■ WHAT THE EXERCISE ASKS ■
Would you print the listing that follows exactly, but without its pictures?

■ DATASET CONTENT ■
┌──
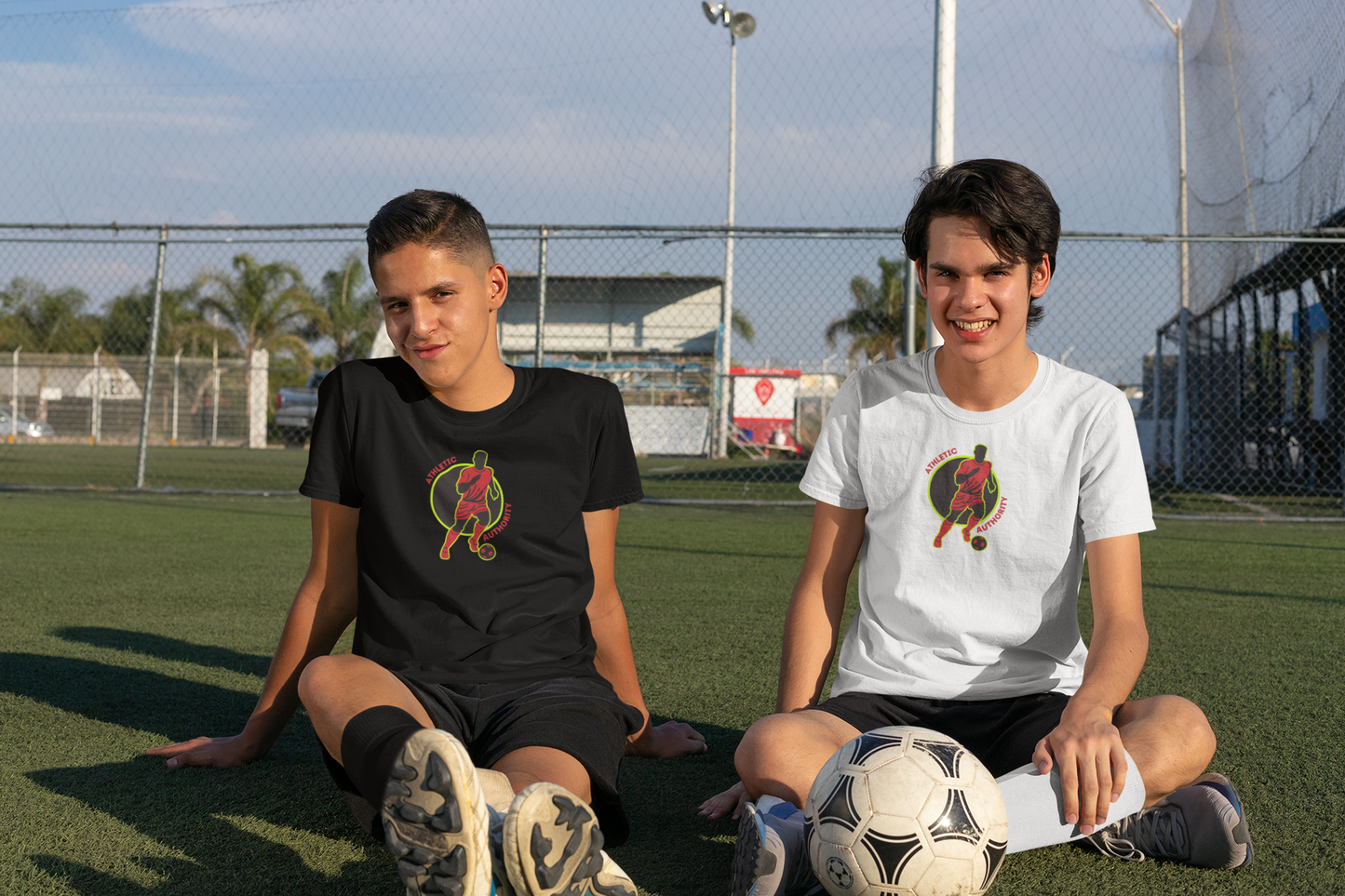 Athletic Authority"  Soccer Red Green" Unisex Tri-Blend Short sleeve t-shirt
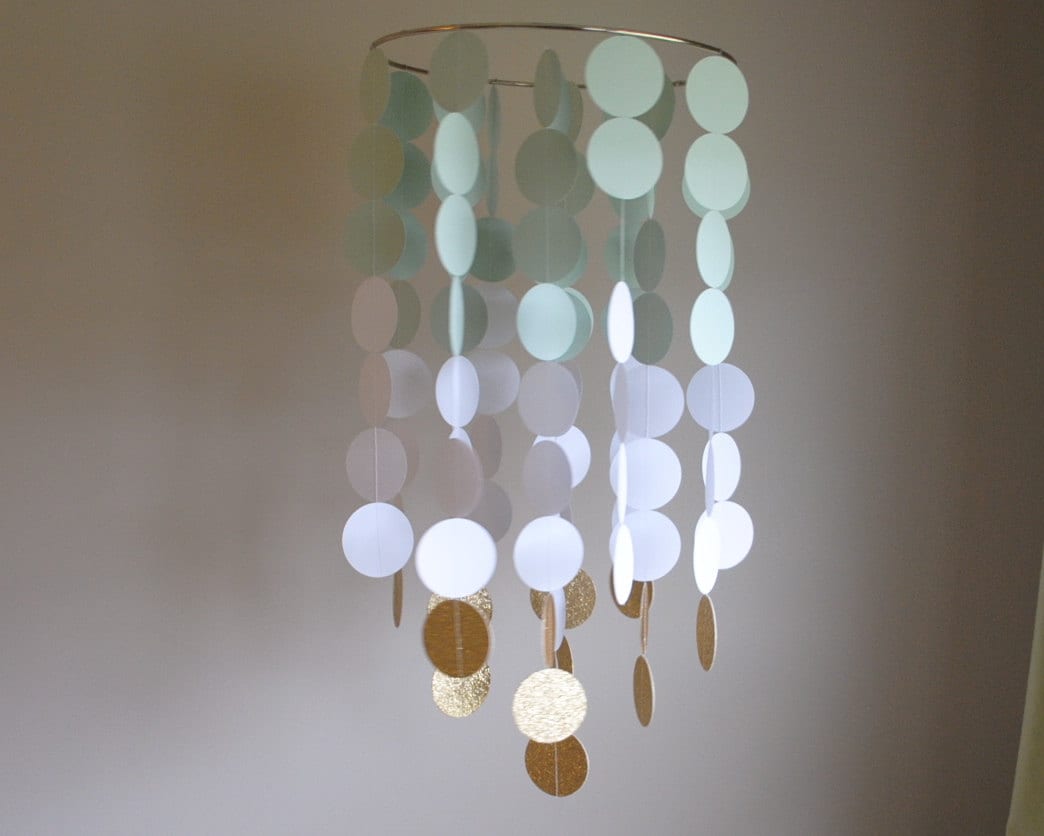 Light Mint Green White Gold Chandelier Mobile Nursery Zoom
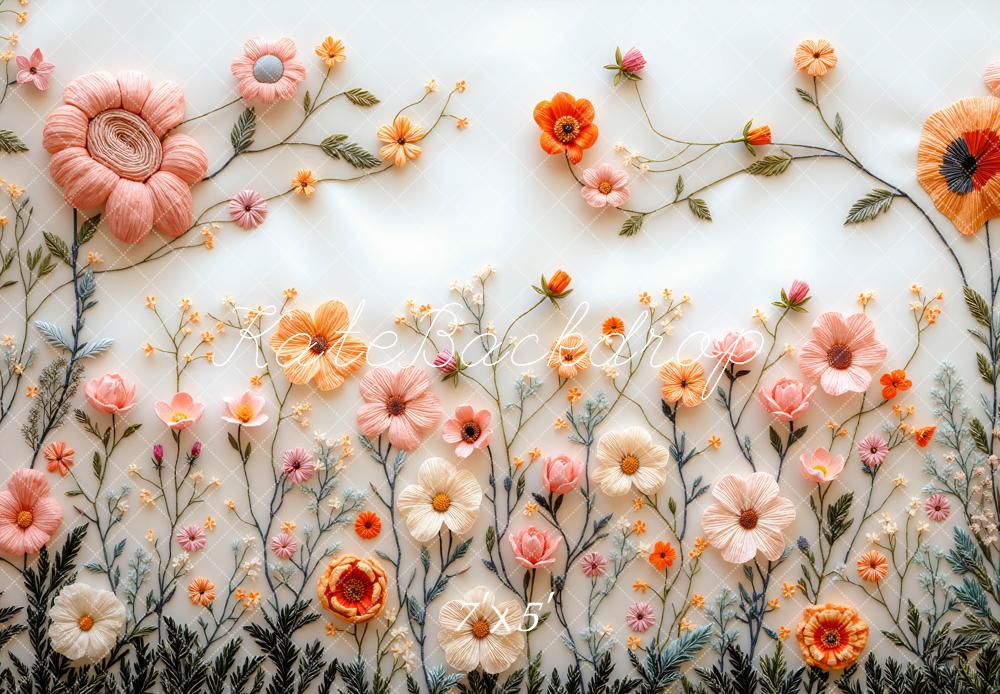 Kate Floral Broderie Fleurs Pastel Toile de fond conçue par Mini MakeBelieve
└──
■ SOLUTION BELOW ■
 Athletic Authority"  Soccer Red Green" Unisex Tri-Blend Short sleeve t-shirt
 Light Mint Green White Gold Chandelier Mobile Nursery Zoom
 Kate Floral Broderie Fleurs Pastel Toile de fond conçue par Mini MakeBelieve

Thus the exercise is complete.